* _Work item_: Your response must be made up of each line in the data below that contains the string "Lined".

[Collected data]
******

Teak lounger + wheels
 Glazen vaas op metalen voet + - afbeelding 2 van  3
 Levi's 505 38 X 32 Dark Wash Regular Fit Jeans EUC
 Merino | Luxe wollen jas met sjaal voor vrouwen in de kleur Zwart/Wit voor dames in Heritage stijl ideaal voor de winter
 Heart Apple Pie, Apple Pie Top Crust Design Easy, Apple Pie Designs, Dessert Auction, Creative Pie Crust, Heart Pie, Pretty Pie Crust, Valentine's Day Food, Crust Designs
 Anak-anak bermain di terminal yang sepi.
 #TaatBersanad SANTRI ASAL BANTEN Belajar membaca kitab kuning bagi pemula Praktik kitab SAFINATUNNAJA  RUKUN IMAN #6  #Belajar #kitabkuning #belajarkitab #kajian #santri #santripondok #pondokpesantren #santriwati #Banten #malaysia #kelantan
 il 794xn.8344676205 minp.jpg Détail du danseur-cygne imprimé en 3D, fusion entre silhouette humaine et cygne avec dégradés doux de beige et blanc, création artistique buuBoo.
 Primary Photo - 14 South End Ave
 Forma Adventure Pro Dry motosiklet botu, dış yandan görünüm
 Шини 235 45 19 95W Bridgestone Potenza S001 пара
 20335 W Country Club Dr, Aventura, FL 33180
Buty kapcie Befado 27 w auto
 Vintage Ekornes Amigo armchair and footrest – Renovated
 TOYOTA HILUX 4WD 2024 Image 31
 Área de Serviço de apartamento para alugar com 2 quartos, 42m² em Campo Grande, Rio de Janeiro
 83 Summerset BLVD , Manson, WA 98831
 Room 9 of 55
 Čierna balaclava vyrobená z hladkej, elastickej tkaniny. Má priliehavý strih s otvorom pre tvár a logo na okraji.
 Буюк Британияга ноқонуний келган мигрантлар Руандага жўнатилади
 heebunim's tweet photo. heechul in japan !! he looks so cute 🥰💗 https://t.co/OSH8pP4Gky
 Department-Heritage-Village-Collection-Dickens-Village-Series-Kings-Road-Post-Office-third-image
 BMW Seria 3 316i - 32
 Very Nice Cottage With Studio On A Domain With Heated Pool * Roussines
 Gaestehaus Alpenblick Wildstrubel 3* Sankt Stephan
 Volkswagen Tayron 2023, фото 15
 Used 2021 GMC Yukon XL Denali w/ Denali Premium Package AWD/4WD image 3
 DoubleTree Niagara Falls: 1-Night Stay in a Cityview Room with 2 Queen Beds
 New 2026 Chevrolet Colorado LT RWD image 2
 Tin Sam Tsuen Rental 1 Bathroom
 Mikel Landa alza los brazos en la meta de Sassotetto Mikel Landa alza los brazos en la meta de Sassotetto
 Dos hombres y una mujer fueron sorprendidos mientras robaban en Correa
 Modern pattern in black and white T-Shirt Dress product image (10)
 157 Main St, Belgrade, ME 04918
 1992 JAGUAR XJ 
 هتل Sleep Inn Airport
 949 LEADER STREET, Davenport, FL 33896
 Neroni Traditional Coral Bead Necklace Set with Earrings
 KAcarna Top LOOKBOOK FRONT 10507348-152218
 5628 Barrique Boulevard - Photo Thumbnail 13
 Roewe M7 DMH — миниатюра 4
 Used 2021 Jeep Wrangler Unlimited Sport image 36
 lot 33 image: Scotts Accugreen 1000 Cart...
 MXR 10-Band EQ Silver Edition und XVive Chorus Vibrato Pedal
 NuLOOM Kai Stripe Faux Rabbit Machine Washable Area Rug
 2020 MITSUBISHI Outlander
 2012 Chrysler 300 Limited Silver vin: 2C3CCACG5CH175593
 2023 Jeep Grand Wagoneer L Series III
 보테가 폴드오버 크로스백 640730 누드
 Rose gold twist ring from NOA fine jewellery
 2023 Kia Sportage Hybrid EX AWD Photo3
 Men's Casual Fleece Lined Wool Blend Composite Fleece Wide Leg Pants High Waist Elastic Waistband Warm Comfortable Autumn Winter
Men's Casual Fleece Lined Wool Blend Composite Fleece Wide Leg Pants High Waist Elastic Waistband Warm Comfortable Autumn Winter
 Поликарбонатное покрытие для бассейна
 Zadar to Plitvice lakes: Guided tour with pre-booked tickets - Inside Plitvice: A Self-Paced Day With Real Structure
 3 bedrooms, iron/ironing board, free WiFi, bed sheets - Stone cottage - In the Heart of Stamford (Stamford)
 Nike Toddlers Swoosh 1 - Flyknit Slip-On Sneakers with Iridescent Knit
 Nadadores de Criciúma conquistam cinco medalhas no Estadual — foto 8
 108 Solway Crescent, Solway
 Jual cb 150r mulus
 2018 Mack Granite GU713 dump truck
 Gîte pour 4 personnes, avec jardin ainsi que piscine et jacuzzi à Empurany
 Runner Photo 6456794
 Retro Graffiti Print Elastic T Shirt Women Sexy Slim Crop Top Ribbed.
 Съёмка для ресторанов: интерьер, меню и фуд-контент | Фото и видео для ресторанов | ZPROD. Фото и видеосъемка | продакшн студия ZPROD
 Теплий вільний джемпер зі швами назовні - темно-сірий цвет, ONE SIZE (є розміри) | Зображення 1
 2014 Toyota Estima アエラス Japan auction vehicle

******

* _Solution_:
 Men's Casual Fleece Lined Wool Blend Composite Fleece Wide Leg Pants High Waist Elastic Waistband Warm Comfortable Autumn Winter
Men's Casual Fleece Lined Wool Blend Composite Fleece Wide Leg Pants High Waist Elastic Waistband Warm Comfortable Autumn Winter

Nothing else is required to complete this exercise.